The data =>

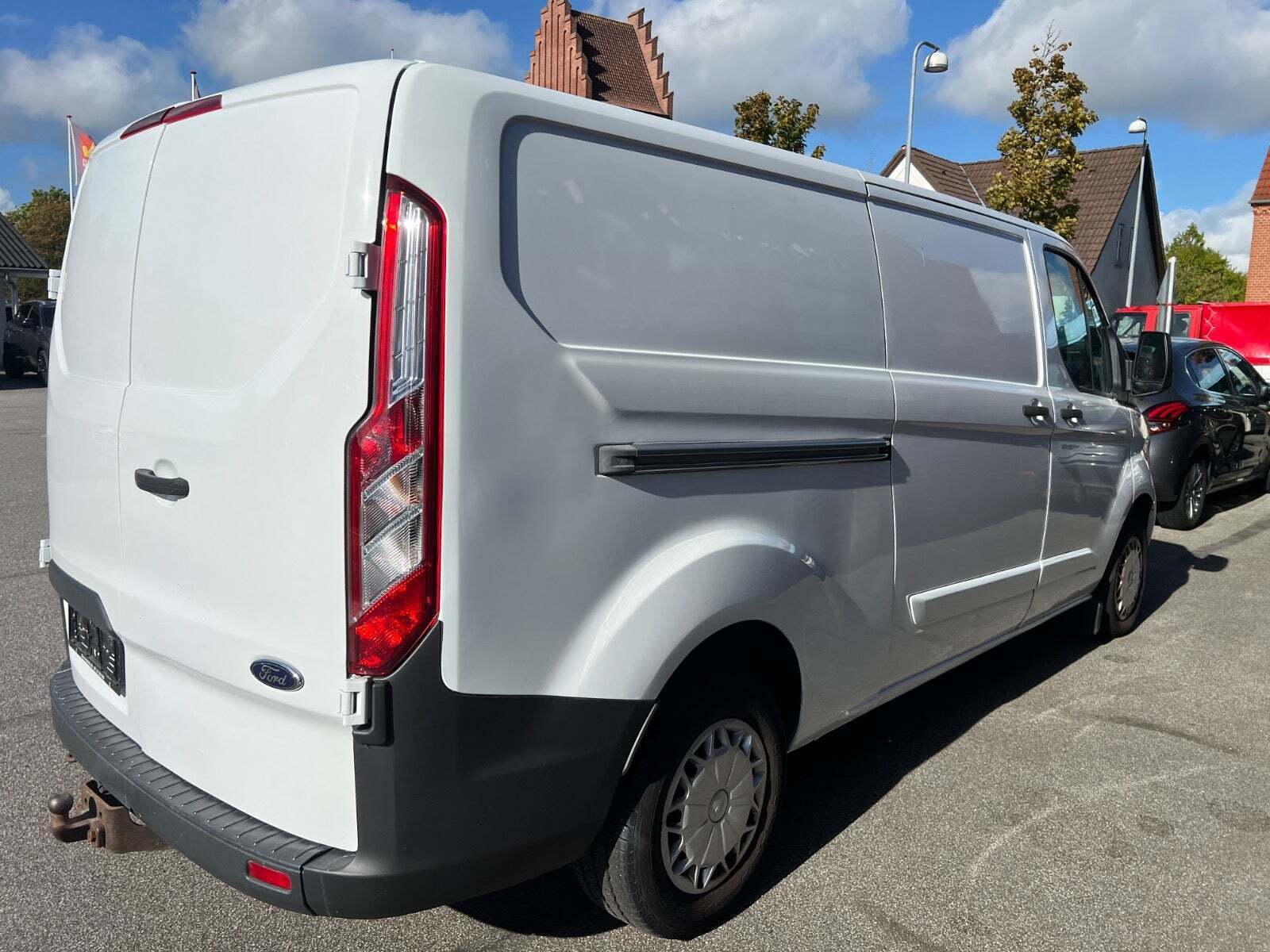 Ford Transit Custom 310L 2,2 TDCi 125 Trend Van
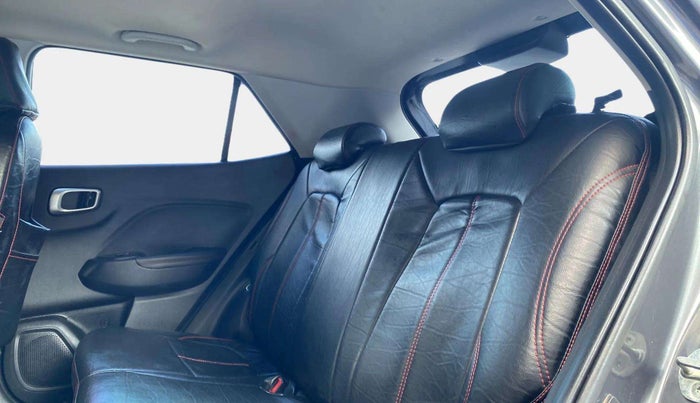 2021 Hyundai VENUE SX 1.0 TURBO IMT DUAL TONE SPORT, Petrol, Manual, 20,302 km, Right Side Rear Door Cabin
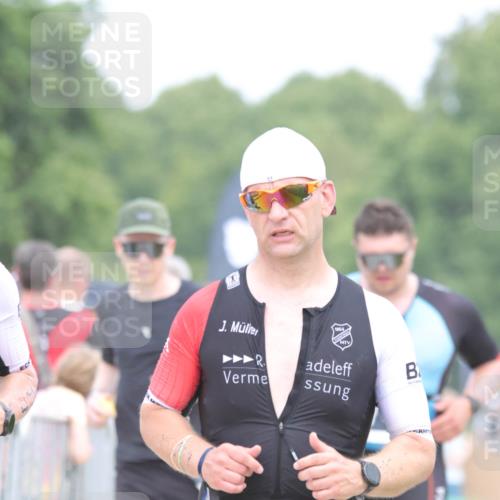 22.06.2025 - Viking Triathlon H.Heesch http://msf.ph/oto/8108352 22.06.2025 14:33:52 Laufen 300, 385, 467, 479 meine-sportfotos.de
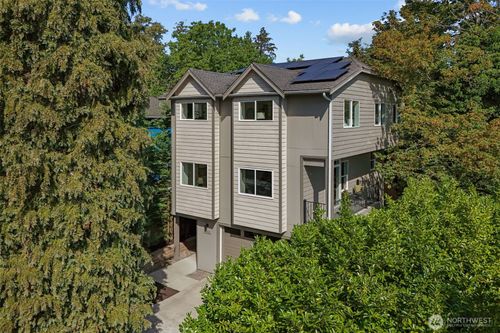 4812 S Frontenac St, Seattle, WA, 98118-3629 | Card Image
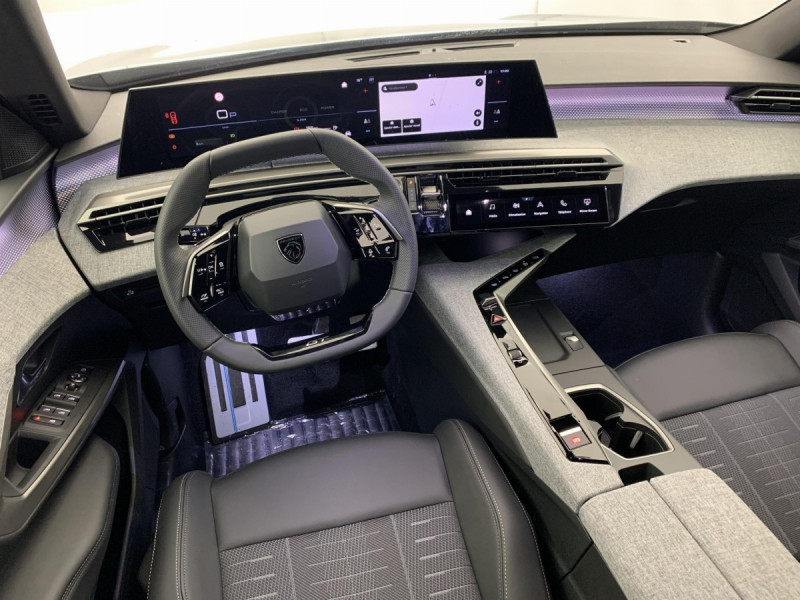 Photo 15 de l'offre de PEUGEOT 3008 Hybrid 145 e-DCS6 GT à 32568€ chez Carlyss automobiles Vitré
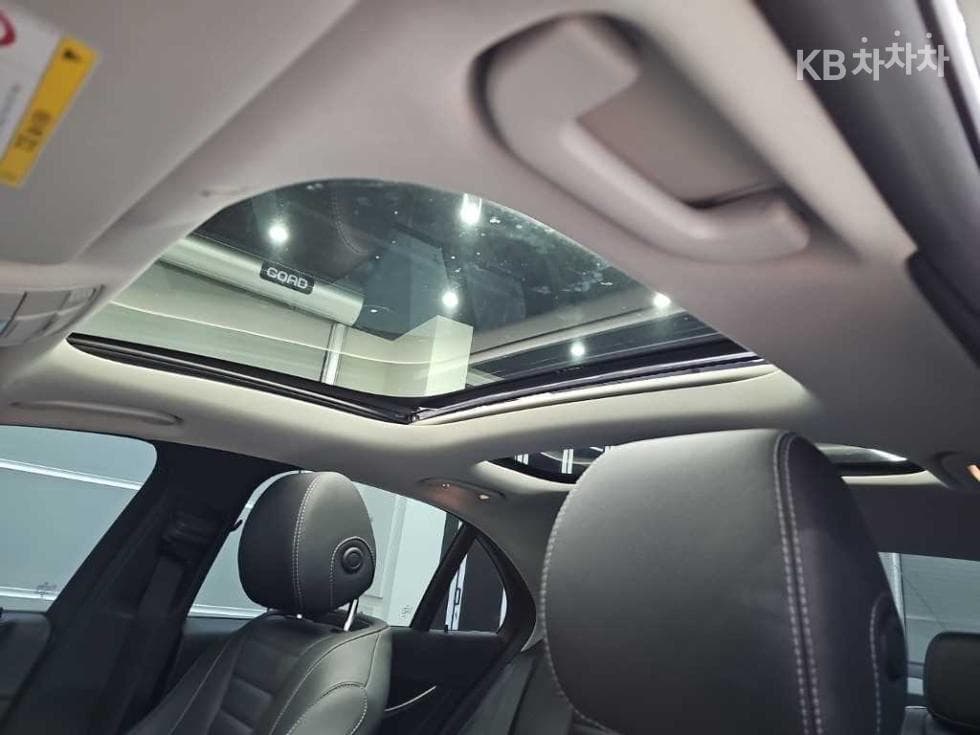 Mercedes-Benz E-Клас (W213)E300 4Matic Avantgarde - 14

Your instructions =>
Give back the listing word for word, minus its images.

Your solution =>
 Ford Transit Custom 310L 2,2 TDCi 125 Trend Van
 2021 Hyundai VENUE SX 1.0 TURBO IMT DUAL TONE SPORT, Petrol, Manual, 20,302 km, Right Side Rear Door Cabin
 22.06.2025 - Viking Triathlon H.Heesch http://msf.ph/oto/8108352 22.06.2025 14:33:52 Laufen 300, 385, 467, 479 meine-sportfotos.de
 4812 S Frontenac St, Seattle, WA, 98118-3629 | Card Image
 Photo 15 de l'offre de PEUGEOT 3008 Hybrid 145 e-DCS6 GT à 32568€ chez Carlyss automobiles Vitré
 Mercedes-Benz E-Клас (W213)E300 4Matic Avantgarde - 14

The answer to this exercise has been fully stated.